Work order:
When a picture appears in the listing, leave it out and copy the rest exactly as it stands.

Records for this exercise:
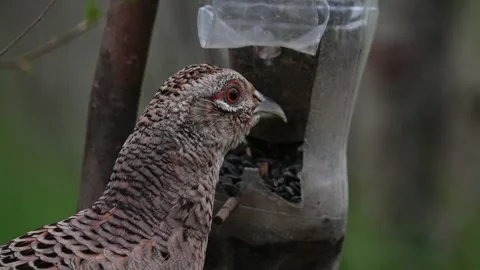 Female Common Pheasant Phasianus colchicus in the wild Video stock 252043175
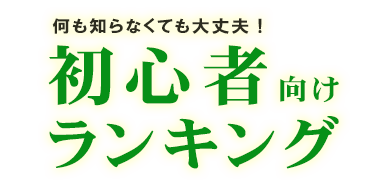 何も知らなくても大丈夫！初心者向けランキング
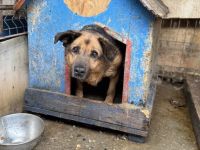 Darf ich vorstellen, Wesley!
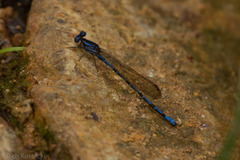 Argia fissa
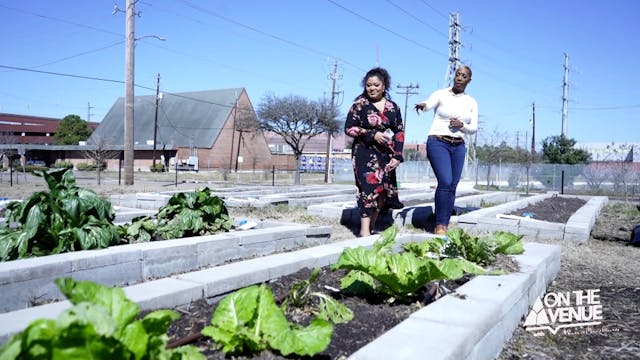 Houston Food Deserts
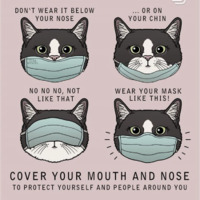 A graphic on social media featuring cats wearing masks in different ways.
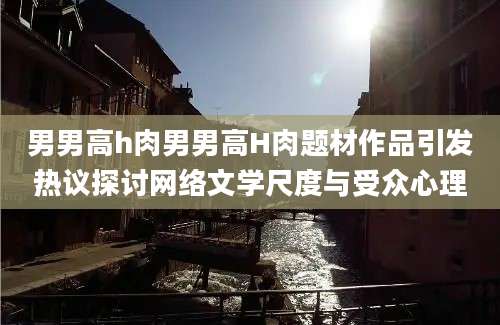 男男高h肉男男高H肉题材作品引发热议探讨网络文学尺度与受众心理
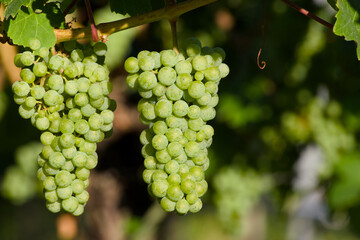 ripening bunch of grapes on the vine close-up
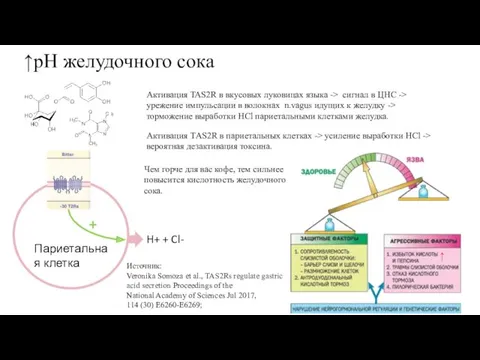 ↑pH желудочного сока Чем горче для вас кофе, тем сильнее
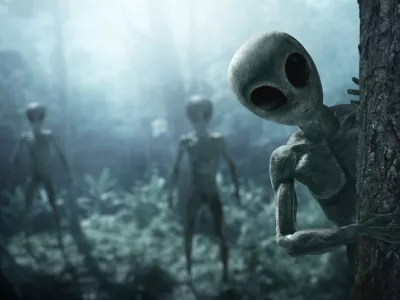 Mi i&scaron;čemo njih in morda tudi oni i&scaron;čejo nas. / Foto: Istock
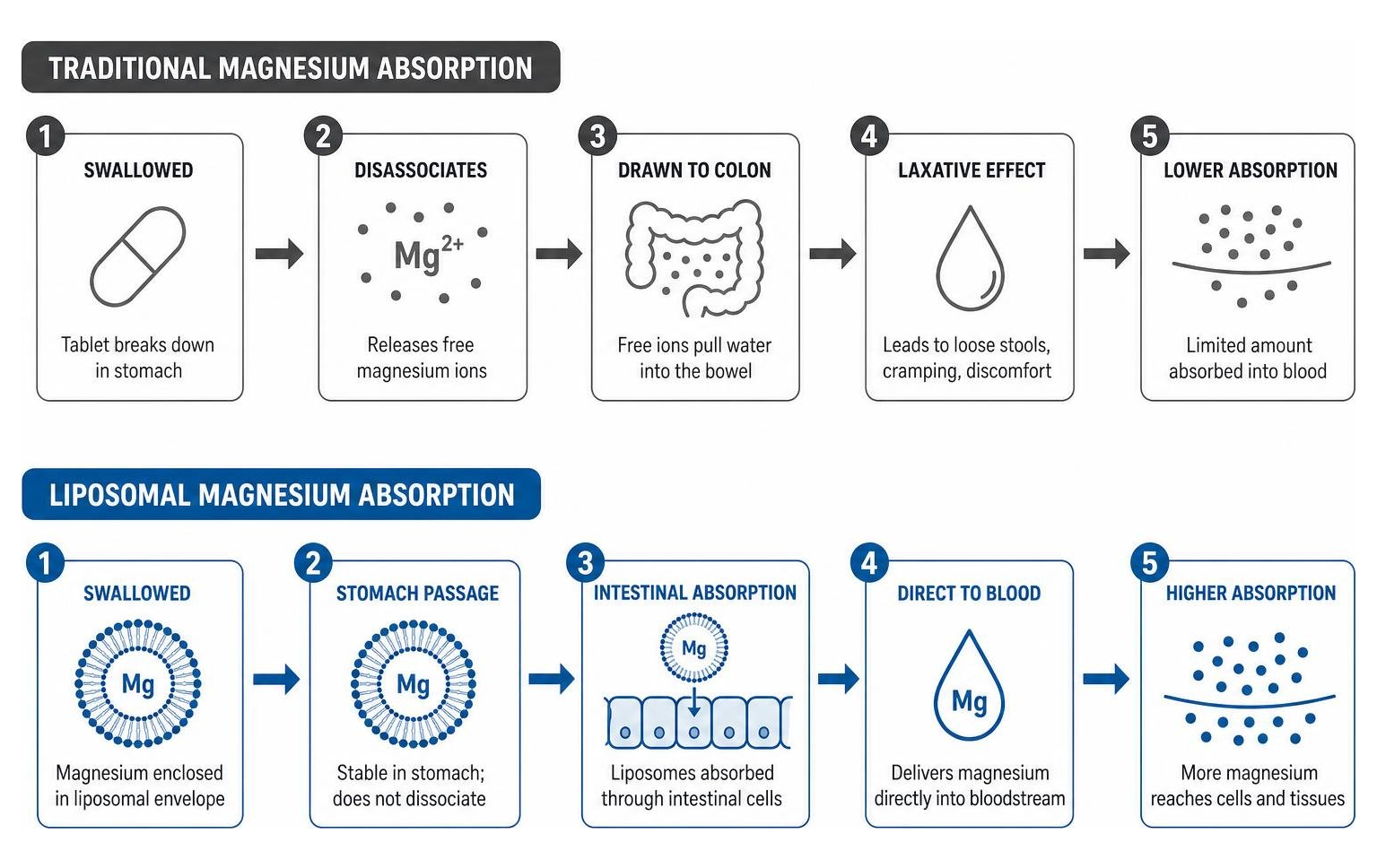 diagram of liposomal absorption vs traditional absorption diagram of liposomal absorption vs traditional absorption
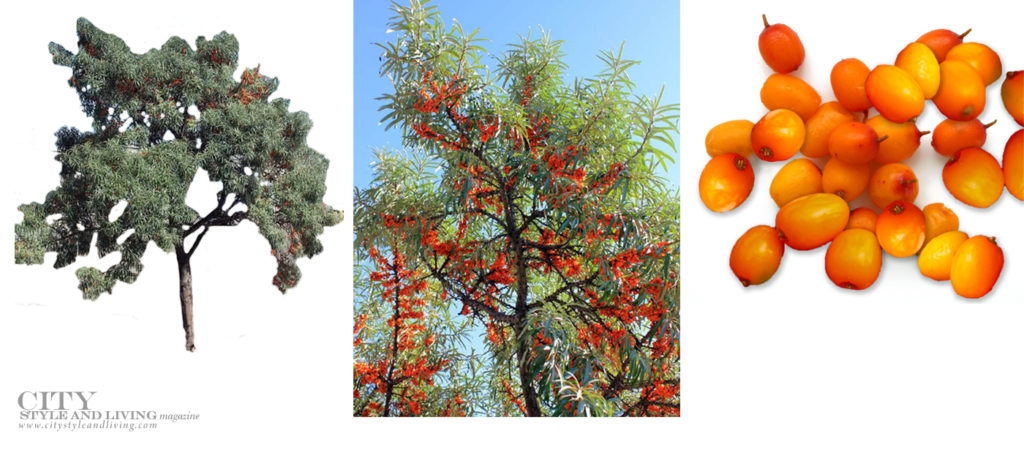 City Style and Living Summer 2021 Summer Gardening Series Sea Buckthorn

Your solution:
 Female Common Pheasant Phasianus colchicus in the wild Video stock 252043175
 何も知らなくても大丈夫！初心者向けランキング
 Darf ich vorstellen, Wesley!
 Argia fissa
 Houston Food Deserts
 A graphic on social media featuring cats wearing masks in different ways.
 男男高h肉男男高H肉题材作品引发热议探讨网络文学尺度与受众心理
 ripening bunch of grapes on the vine close-up
 ↑pH желудочного сока Чем горче для вас кофе, тем сильнее
 Mi i&scaron;čemo njih in morda tudi oni i&scaron;čejo nas. / Foto: Istock
 diagram of liposomal absorption vs traditional absorption diagram of liposomal absorption vs traditional absorption
 City Style and Living Summer 2021 Summer Gardening Series Sea Buckthorn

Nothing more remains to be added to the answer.